The Miracle of the Cerrado: Brazil has Revolutionised its
own Farms. Can it do the same for others? - Cremaq, Piauí
IN A remote corner of Bahia state, in north-eastern Brazil,
a vast new farm is springing out of the dry bush. Thirty years ago eucalyptus
and pine were planted in this part of thecerrado (Brazil's savannah).
Native shrubs later reclaimed some of it. Now every field tells the story of a
transformation. Some have been cut to a litter of tree stumps and scrub; on
others, charcoal-makers have moved in to reduce the rootballs to fuel; next,
other fields have been levelled and prepared with lime and fertiliser; and some
have already been turned into white oceans of cotton. Next season this farm at
Jatobá will plant and harvest cotton, soyabeans and maize on 24,000 hectares,
200 times the size of an average farm in Iowa. It will transform a
poverty-stricken part of Brazil's backlands. Three hundred miles north, in the state of Piauí, the
transformation is already complete. Three years ago the Cremaq farm was a
failed experiment in growing cashews. Its barns were falling down and the scrub
was reasserting its grip. Now the farm—which, like Jatobá, is owned by
BrasilAgro, a company that buys and modernises neglected fields—uses radio
transmitters to keep track of the weather; runs SAP software; employs 300
people under agaúcho from southern Brazil; has 200km (124 miles) of new
roads criss-crossing the fields; and, at harvest time, resounds to the thunder
of lorries which, day and night, carry maize and soya to distant ports.
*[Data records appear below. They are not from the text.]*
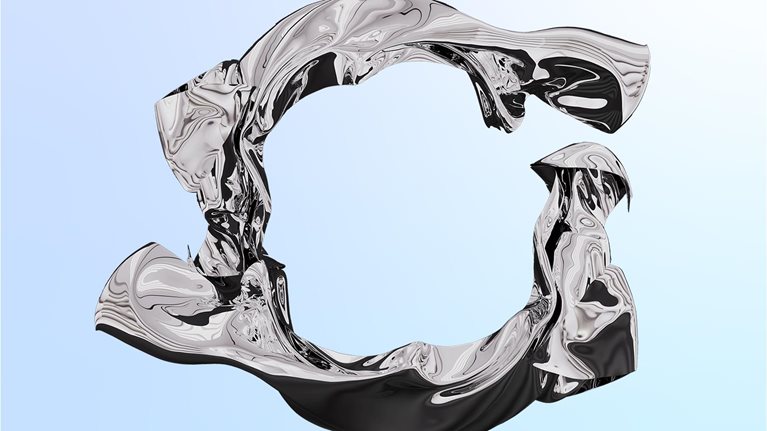 Metallic gray silk fabric with reflective elements, with space for text on a black background. Beautiful abstract 3D pattern, pattern, design.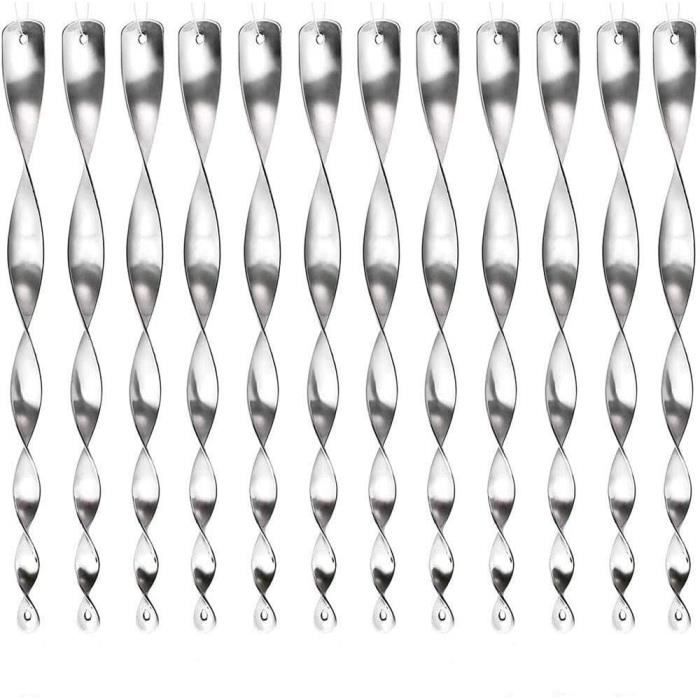12Pcs Effaroucheur Oiseaux avec Bande Répulsive Oiseaux 50m,Répulsif 12Pcs Effaroucheur Oiseaux avec Bande Répulsive Oiseaux 50m,Répulsif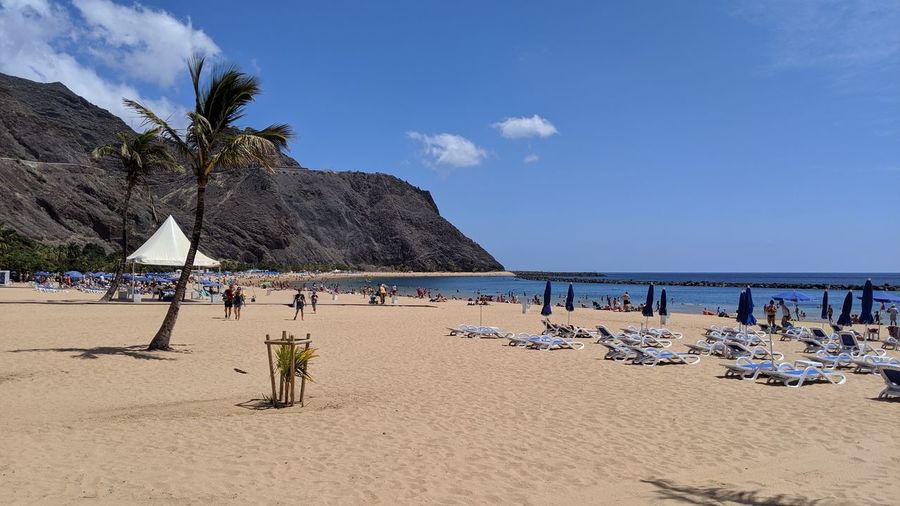 Scenic view of beach against sky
That
all this is happening in Piauí—the Timbuktu of Brazil, a remote, somewhat
lawless area where the nearest health clinic is half a day's journey away and
most people live off state welfare payments—is nothing short of miraculous.
These two farms on the frontier of Brazilian farming are
microcosms of a national change with global implications. In less than 30 years
Brazil has turned itself from a food importer into one of the world's great
breadbaskets (see chart 1). It is the first country to have caught up with the
traditional “big five” grain exporters (America, Canada, Australia, Argentina
and the European Union). It is also the first tropical food-giant; the big five
are all temperate producers. The increase in Brazil's farm production has been stunning.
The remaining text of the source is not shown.